New data from Capgemini Consulting and QuantiaMD adds a new twist to the reduced-rep-access storyline: the rep’s role is being increasingly edged out as newer, younger doctors comprise a greater proportion of practicing physicians.

The poll included responses from almost 3,000 physicians, which included private practice, specialty-group and hospital-based practitioners and organizational groups like accountable care organizations, independent practice associations, and physician hospital organizations. Specialists accounted for 42% of the answers, and primary care physicians 58%.

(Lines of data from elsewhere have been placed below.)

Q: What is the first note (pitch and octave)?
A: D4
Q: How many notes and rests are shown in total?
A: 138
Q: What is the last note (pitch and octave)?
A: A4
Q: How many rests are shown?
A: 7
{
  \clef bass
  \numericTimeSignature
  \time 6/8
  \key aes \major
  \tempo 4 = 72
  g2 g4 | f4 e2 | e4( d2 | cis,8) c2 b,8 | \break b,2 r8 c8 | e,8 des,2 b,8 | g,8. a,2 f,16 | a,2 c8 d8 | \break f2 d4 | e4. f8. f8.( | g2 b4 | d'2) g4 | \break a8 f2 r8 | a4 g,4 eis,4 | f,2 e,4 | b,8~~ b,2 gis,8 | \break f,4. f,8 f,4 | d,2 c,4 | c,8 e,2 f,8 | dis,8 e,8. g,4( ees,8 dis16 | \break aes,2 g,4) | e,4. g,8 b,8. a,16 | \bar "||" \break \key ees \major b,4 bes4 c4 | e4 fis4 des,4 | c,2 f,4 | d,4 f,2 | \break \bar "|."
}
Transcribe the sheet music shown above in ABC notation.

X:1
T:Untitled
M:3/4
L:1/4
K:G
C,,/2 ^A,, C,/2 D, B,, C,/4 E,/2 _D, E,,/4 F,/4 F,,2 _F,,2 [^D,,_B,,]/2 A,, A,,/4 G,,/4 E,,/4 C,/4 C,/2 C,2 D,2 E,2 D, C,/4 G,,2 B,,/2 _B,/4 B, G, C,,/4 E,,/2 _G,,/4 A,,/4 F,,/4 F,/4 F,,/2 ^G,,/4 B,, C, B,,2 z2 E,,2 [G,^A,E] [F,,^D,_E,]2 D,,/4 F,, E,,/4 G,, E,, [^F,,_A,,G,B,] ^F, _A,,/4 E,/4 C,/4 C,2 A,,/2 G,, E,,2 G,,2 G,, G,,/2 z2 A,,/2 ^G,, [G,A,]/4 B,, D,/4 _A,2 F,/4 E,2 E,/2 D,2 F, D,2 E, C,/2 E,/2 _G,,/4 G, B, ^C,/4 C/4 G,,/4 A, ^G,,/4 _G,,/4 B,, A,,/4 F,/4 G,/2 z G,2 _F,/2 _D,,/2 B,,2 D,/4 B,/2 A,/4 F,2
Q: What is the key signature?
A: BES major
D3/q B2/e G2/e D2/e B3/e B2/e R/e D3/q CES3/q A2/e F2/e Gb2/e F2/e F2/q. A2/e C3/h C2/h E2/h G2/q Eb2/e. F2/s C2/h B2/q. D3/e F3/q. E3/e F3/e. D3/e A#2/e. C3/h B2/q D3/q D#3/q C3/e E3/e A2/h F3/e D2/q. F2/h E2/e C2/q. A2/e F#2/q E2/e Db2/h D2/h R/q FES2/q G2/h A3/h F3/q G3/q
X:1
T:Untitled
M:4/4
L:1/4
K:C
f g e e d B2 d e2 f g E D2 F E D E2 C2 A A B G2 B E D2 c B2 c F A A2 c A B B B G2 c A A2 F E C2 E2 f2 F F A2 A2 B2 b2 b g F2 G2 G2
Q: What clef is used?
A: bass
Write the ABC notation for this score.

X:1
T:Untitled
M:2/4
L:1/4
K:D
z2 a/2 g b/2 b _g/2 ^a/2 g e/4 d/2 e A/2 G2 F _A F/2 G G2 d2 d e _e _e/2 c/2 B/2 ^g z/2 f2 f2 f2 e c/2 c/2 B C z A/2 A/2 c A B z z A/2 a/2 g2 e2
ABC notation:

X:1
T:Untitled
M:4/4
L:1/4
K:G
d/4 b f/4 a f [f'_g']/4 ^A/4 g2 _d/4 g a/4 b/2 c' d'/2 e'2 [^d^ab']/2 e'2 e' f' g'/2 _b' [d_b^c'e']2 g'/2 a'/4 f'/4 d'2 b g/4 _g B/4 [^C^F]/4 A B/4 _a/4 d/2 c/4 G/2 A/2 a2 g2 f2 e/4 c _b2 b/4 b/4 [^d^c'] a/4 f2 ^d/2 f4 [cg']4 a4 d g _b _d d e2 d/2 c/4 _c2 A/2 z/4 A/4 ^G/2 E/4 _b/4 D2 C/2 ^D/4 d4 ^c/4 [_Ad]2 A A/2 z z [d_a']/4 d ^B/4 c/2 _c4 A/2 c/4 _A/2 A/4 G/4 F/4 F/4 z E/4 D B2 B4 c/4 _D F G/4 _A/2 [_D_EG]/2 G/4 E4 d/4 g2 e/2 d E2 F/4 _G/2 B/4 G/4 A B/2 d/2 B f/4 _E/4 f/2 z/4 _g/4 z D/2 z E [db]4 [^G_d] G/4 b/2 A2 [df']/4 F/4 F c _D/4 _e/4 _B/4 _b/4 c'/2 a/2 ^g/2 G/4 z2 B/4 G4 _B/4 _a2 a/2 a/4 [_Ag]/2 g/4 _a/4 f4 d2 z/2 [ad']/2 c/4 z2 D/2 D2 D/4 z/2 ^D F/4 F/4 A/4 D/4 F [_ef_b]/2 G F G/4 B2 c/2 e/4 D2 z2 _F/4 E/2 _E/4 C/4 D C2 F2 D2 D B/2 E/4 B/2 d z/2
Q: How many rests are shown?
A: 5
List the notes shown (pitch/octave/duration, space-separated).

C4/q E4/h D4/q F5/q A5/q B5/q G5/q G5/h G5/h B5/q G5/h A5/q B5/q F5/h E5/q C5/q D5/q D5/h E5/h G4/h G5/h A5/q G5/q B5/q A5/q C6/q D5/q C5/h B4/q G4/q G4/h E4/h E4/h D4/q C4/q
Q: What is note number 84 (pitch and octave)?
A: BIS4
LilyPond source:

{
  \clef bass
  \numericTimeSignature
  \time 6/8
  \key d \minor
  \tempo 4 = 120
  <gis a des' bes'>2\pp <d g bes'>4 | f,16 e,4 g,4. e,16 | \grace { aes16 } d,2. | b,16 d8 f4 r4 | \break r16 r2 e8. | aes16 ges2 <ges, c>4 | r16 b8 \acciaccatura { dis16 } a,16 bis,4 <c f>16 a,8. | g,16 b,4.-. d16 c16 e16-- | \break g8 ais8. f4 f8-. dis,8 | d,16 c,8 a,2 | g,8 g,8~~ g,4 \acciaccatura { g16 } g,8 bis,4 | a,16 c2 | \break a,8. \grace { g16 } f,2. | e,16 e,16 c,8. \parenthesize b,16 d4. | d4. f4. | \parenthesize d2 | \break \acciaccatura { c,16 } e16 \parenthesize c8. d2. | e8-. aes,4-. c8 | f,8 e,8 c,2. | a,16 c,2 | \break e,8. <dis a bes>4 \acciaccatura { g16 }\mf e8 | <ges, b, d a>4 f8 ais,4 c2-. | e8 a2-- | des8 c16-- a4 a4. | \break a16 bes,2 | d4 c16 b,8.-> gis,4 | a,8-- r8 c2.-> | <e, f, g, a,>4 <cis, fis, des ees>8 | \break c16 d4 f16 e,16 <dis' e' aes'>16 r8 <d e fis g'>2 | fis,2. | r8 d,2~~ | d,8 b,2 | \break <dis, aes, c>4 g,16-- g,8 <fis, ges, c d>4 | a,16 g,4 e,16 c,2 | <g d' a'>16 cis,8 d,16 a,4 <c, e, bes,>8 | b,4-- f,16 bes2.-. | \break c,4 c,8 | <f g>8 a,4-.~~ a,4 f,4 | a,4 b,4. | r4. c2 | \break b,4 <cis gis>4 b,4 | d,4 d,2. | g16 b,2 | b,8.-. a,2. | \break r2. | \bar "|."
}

This is not strictly an age issue, but rather an organizational one. Capgemini found that 90% of new doctors join health systems right out of school, compared to 50% of established physicians who work independently. This set-up is significant for two reasons: Capgemini and Quantia’s researchers found that group-practice rules bar around 40% of new doctors from seeing reps at all and around 70% to 80% of new doctors can see reps, but within limits, such as no more than three visits from a rep from any company in a given month.

Meanwhile, Capgemini says 47% of all physicians are over the age of 50. This means the legacy doctors, who have a history of sales-rep contact, are being displaced by doctors whose experience template is one that increasingly excludes the in-person visit.

Both established and new doctors largely favor digital contact, with 67% of all physicians saying they preferred digital pharmaceutical information over resources like reps and printed matter. Broken out by age group, this preference hit 80% among newer physicians, and includes contact such as e-mails, websites, e-details and social media.

An easy explanation for a digital preference is flexibility, since doctors can look at information when they want. However, researchers found that docs liked digital because the offerings feel personalized since they are given what they consider relevant content.

In terms of media touchpoints, 40% of surveyed doctors told researchers that digital was their top choice for relevant content, with 33% saying sales reps provided a similar experience. While second place is not losing, Capgemini’s follow-on information should make sales teams restless: in the overall scope of information sources, 20% of doctors said they preferred reps. This is down from 27% in 2012.

Capgemini’s researchers found that when doctors do meet with reps, product information is the key reason for a live chat. Reps lead this category with a 28% preference, compared to 27% for digital, 25% for print and 25% for phone. In the ranking for valued clinical/medical information resources, reps ranked third at 26%, compared to digital’s 31% and print media’s 35%.